The majority of the runtime toggles were actually kill switches. Either an experimental feature of uncertain outcome was being prototyped, and needed an emergency stop button, or a feature long thought dead was disabled, and a switch left to revive it when, inevitably, the user of the feature turned up post release.

In these cases, the right path appears to be having tests that assert the positive case works when the toggle is on/off appropriately. More explicitly:

  • For an experimental new feature, add new tests describing the behaviour, with one test that verifies nothing happens if the toggle is off
  • When removing a dead feature, keep tests describing old behaviour running by pushing the zombie button before running them. Add one extra test that verifies that nothing happens if the revive button is left untouched.

Really these are special cases of the more general rule: If you liked it then you should have put a test round it.
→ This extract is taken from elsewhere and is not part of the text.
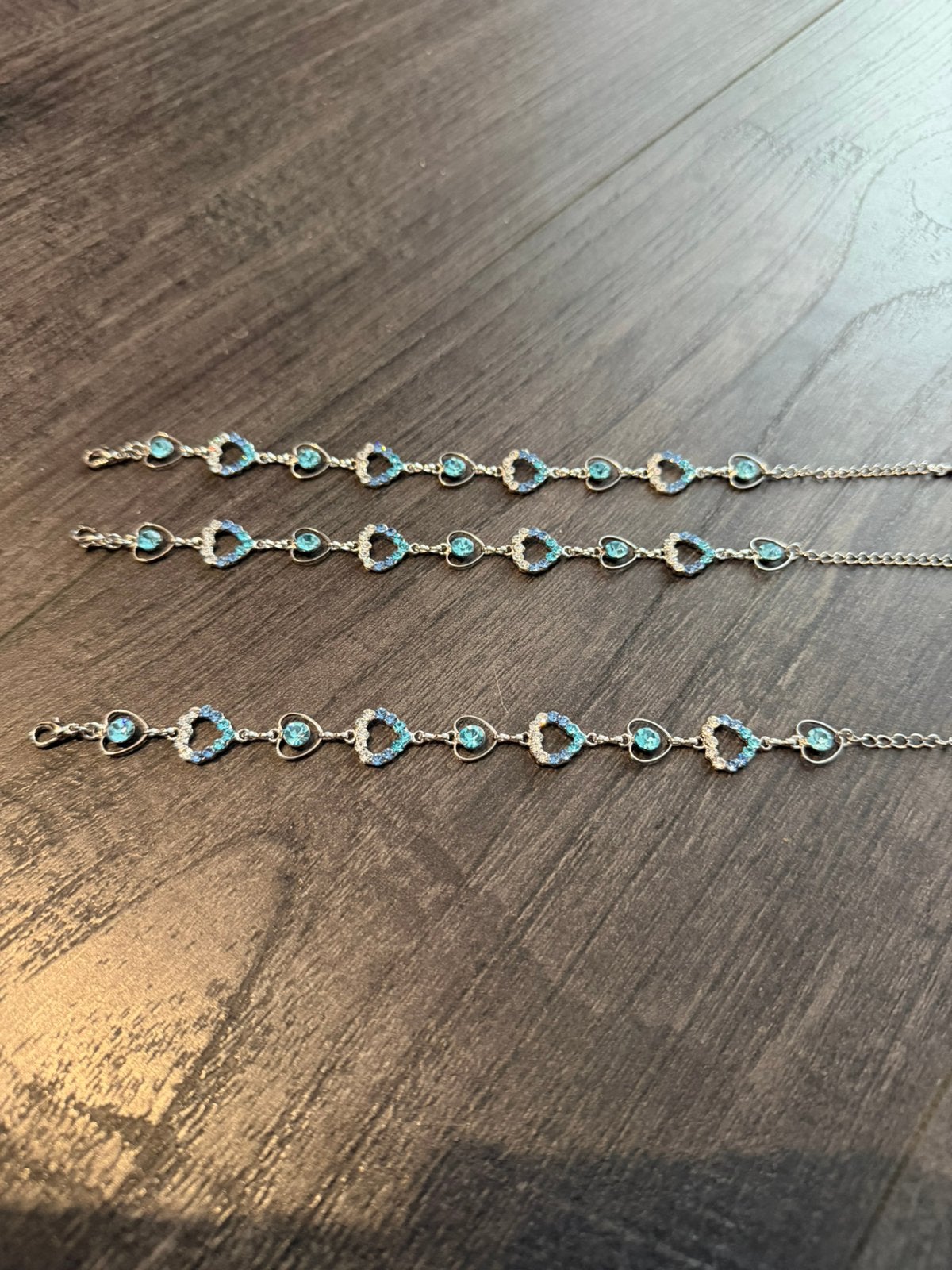 Partij 3 stuks armbanden blauw 36/6, Ophalen of Verzenden, Nieuw, Blauw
Reminder 1: Match the scope of your feature toggle with the scope of your tests

Some very simple corollaries:

  • Runtime feature toggles should have tests that exercise both states in a given test run
  • Compile time feature toggles are ok to just exercise the currently configured toggle value
  • Reader exercise: what about configuration level feature toggles?

Reminder 2: Feature toggles aren’t free, and runtime toggles are particularly not free

Runtime feature toggles are (at least) twice as expensive to maintain as compile time constants. The payoff might be that you don’t need a release cycle to change them, but you’re paying for it every time you have to run both sets of tests, or change the code underneath that toggle.

Corollary: Feature toggles that don’t change should be removed. In general, once a feature is proven, removing the toggle should be a no brainer. The answer to the original question should really be “How has it survived for so long?”.

Reminder 3: Martin Fowler realised all this years ago

Corollary: There’s nothing new under the sun (but at least this blog is reasonably titled).